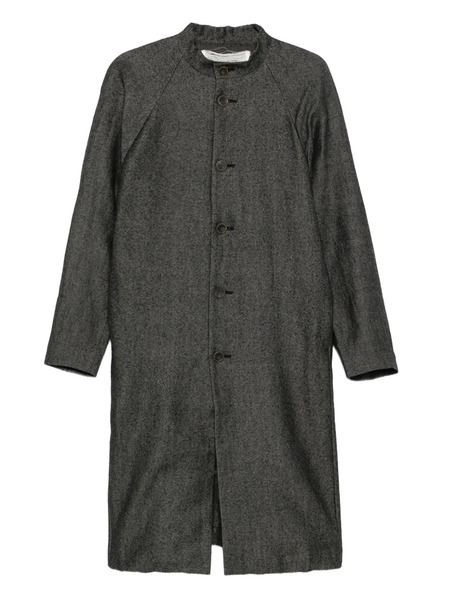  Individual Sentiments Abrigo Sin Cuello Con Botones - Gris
==
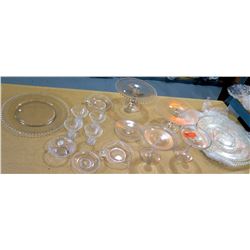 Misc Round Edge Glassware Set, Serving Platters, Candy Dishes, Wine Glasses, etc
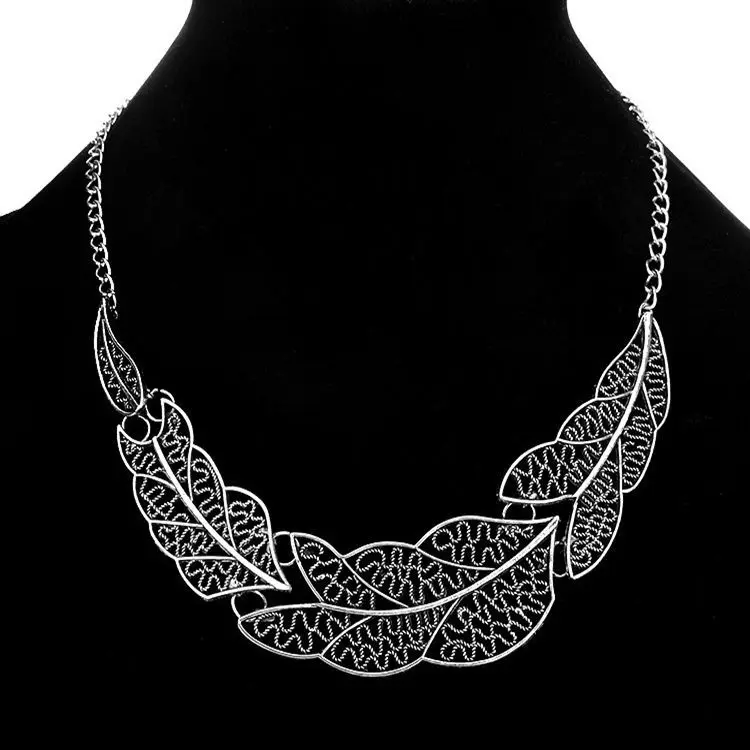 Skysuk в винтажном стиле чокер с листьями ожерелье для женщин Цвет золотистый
...
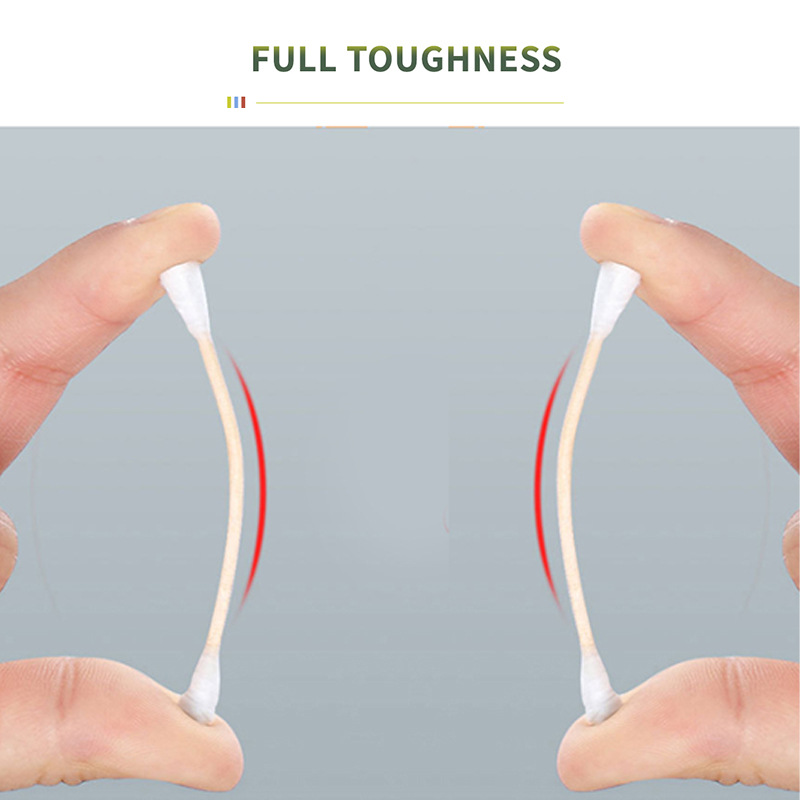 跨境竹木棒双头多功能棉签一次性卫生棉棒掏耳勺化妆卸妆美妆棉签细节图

» **What is needed**:
Each line above from the one containing "Misc Round Edge" through the one containing "Skysuk в винтажном" is to be returned verbatim. Nothing else, and no pictures.

» **Your response**:
 Misc Round Edge Glassware Set, Serving Platters, Candy Dishes, Wine Glasses, etc
 Skysuk в винтажном стиле чокер с листьями ожерелье для женщин Цвет золотистый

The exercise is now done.